If you are as excited as we are about the upcoming release of Just Indian, our new book by first-time Native American author Jackie Neypes, then you might want to learn more about the Washoe tribe that Jackie descends from. So did we! We asked Jackie a few questions about her background.
Here is what we found out about the fascinating Washoe tribe.
Jackie still spends time on Washoe tribal lands in Nevada whenever she has free time. She always visits alongside her family and thinks of it as the best time of the year. She said that “Going back to where my family is, and my ancestors are from, gives me such peace and joy. My favorite part of being in Carson Valley [Nevada, where the Washoe lands are] is to visit with my elders and listen to my tribal history.”
In her book, Just Indian, readers enjoy learning a bit about life both on and off the reservation for one Native American boy and the tribulations facing Native Americans today. The book beautifully displays the beauty and richness of tribal heritage as well.
Jackie wrote the book because she wanted to raise awareness about what it is like to be a modern Native American. She is concerned that people may perceive Natives in a past context and don’t think about what many modern Natives have to face in this present time. She wanted to bring to light the hardships that many Natives face in this world.
Through Jackie, we learned that the Washoe tribe traditionally lived in the lands across Nevada and California and are especially fond of the land around Lake Tahoe. In fact, the word “Tahoe” is derived from the Washoe word for lake.
They believed Lake Tahoe to be a place of utmost importance and the spiritual center of their world.
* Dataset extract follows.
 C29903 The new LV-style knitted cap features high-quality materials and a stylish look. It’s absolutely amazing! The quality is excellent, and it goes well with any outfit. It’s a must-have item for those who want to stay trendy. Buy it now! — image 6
Traditionally, they received the bulk of their diet from the lake and surrounding rivers, fishing for trout and freshwater clams during all seasons that the waterways weren’t frozen.
The story that has been passed down from the Washoe elders is that a coyote led them to their ancestral home, and they were taught to use the local lake, plants, animals, and other resources to find food, medicine, and the items needed for survival.
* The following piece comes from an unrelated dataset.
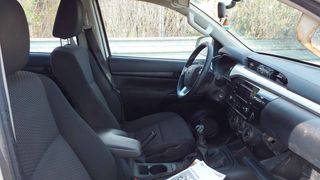 Toyota Hilux 2023 52000km! PRECIO + IVA DEDUCIBLE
Another part of their diet and lore is the collection of pine nuts. Pine nuts were gathered in the fall and eaten all winter. They were so important to the tribe that they even performed a “pine nut dance” to ensure a good picking season. To fill the gaps in their diet, they would also hunt for small game like rabbit.
The name Washoe means “people from here” in the Washoe language. It’s a fitting name since, unlike many more nomadic tribes, the Washoe were and are semi-sedentary, which may be why their name means “people from here” and not “people from all over.”